(Exercise material Opens)

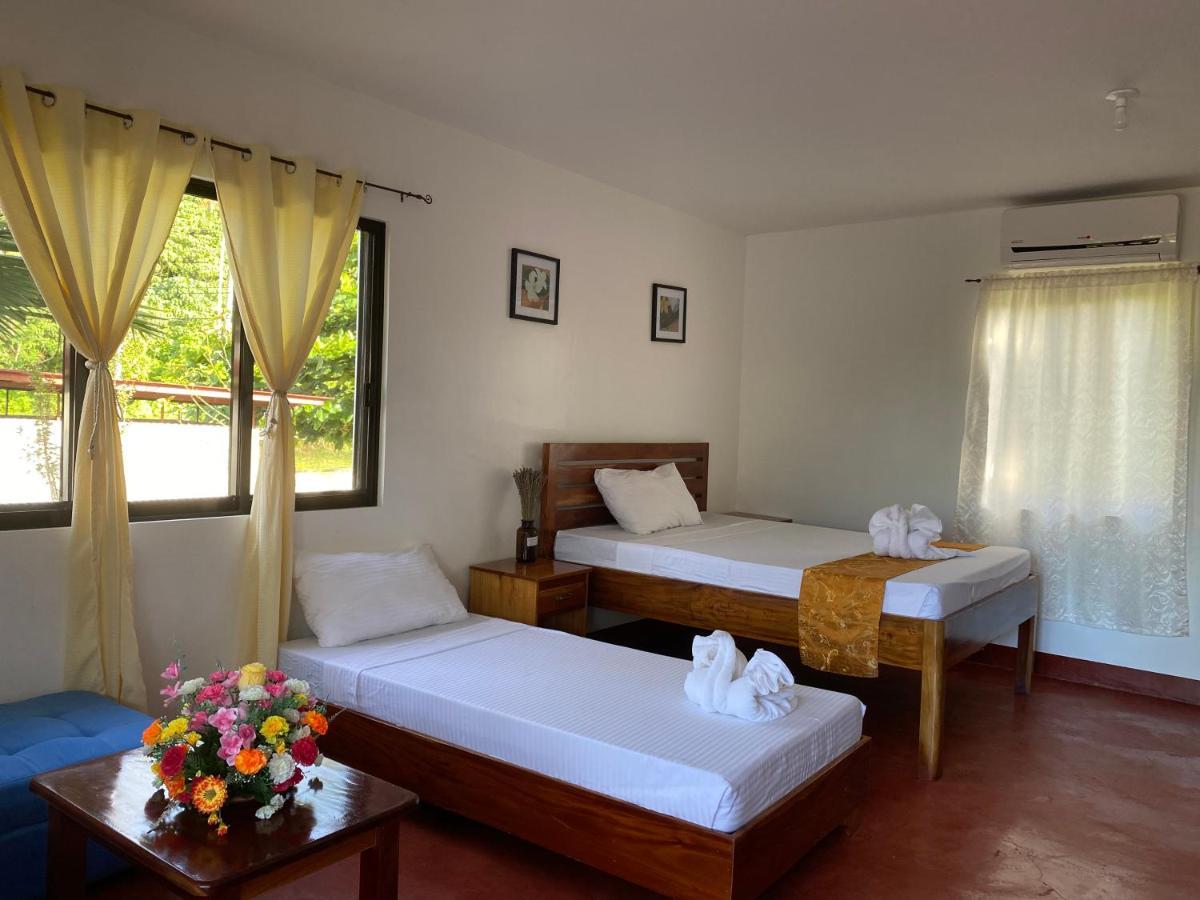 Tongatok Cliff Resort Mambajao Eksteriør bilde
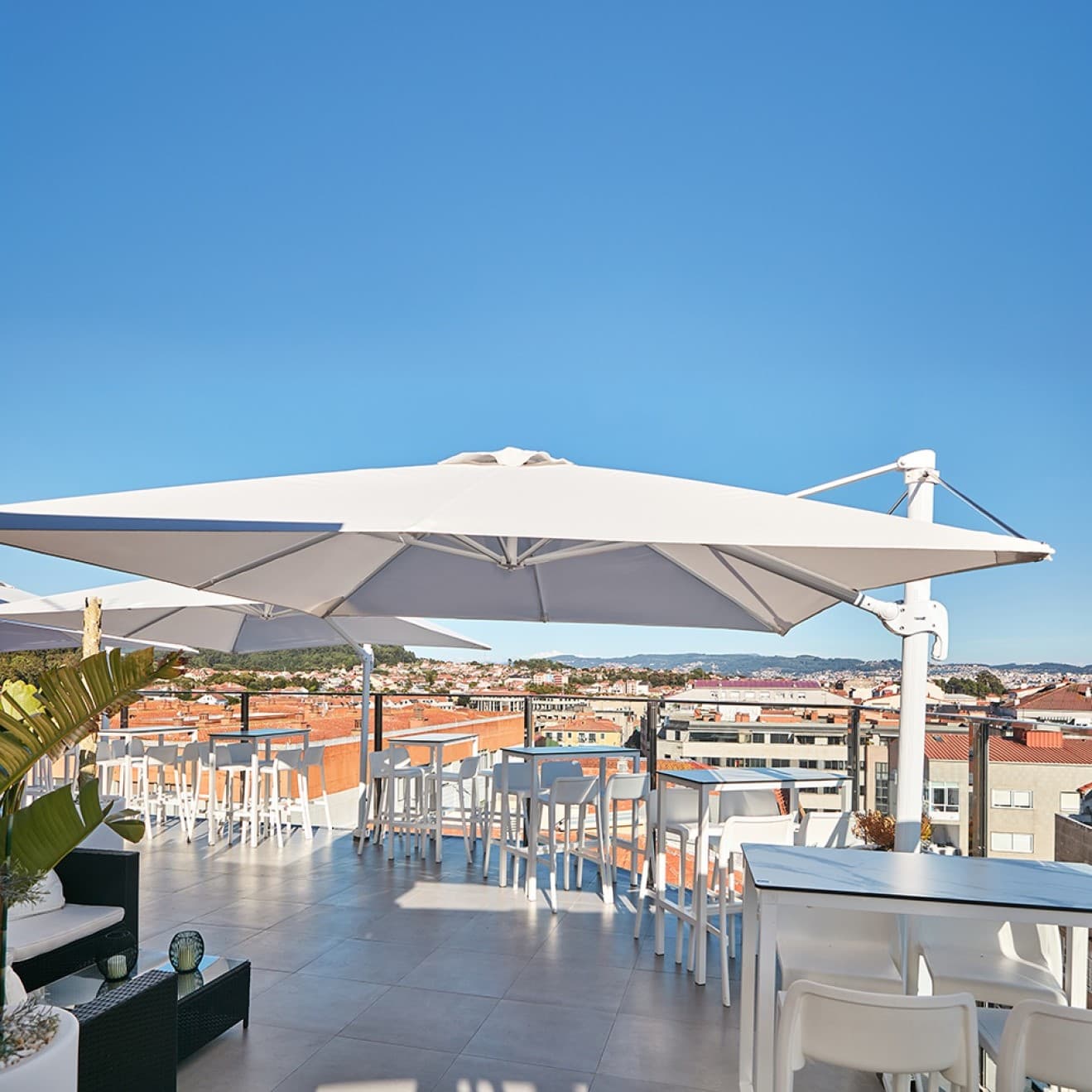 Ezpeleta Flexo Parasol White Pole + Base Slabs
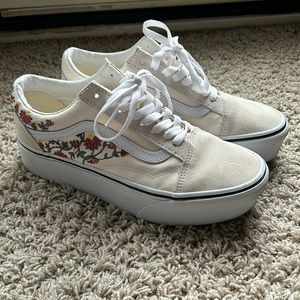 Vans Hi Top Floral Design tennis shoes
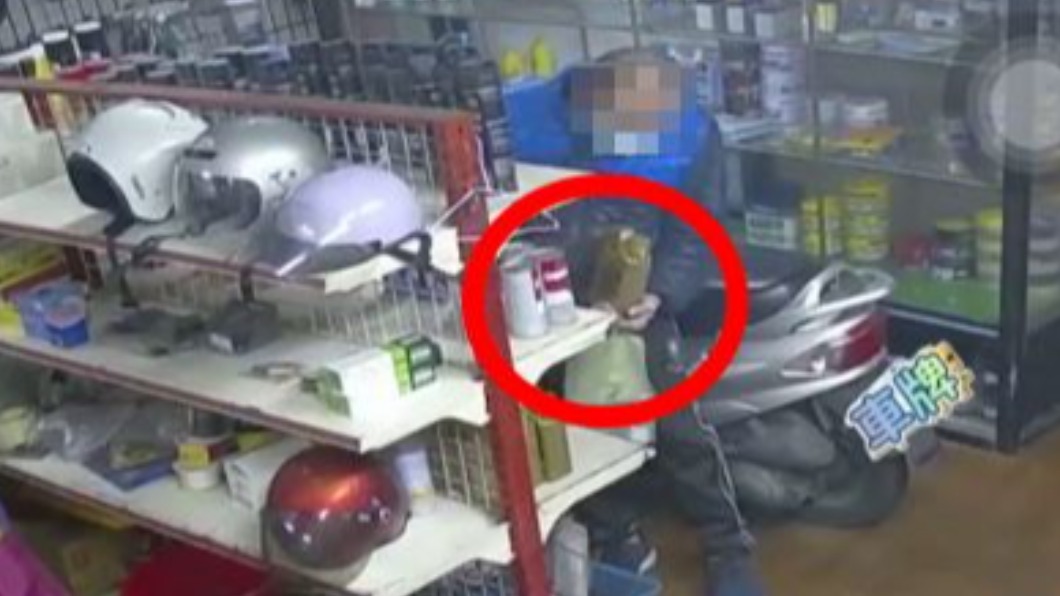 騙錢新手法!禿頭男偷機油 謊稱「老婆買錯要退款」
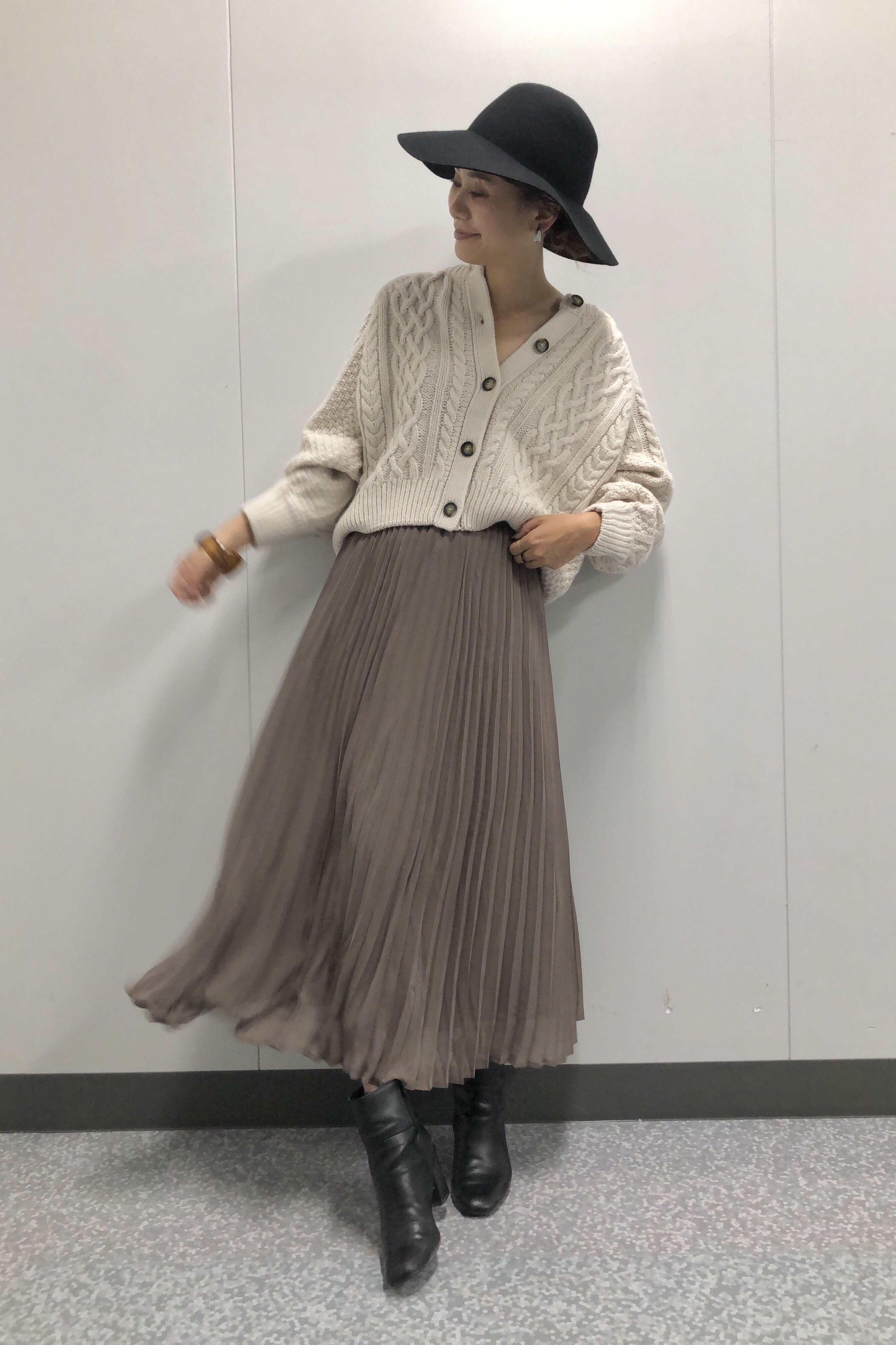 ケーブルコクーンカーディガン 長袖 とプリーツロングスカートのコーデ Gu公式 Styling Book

(Exercise material Closes)

◆ Assignment: Reproduce the data verbatim and omit each image.

◆ Answer area:
 Tongatok Cliff Resort Mambajao Eksteriør bilde
 Ezpeleta Flexo Parasol White Pole + Base Slabs
 Vans Hi Top Floral Design tennis shoes
 騙錢新手法!禿頭男偷機油 謊稱「老婆買錯要退款」
 ケーブルコクーンカーディガン 長袖 とプリーツロングスカートのコーデ Gu公式 Styling Book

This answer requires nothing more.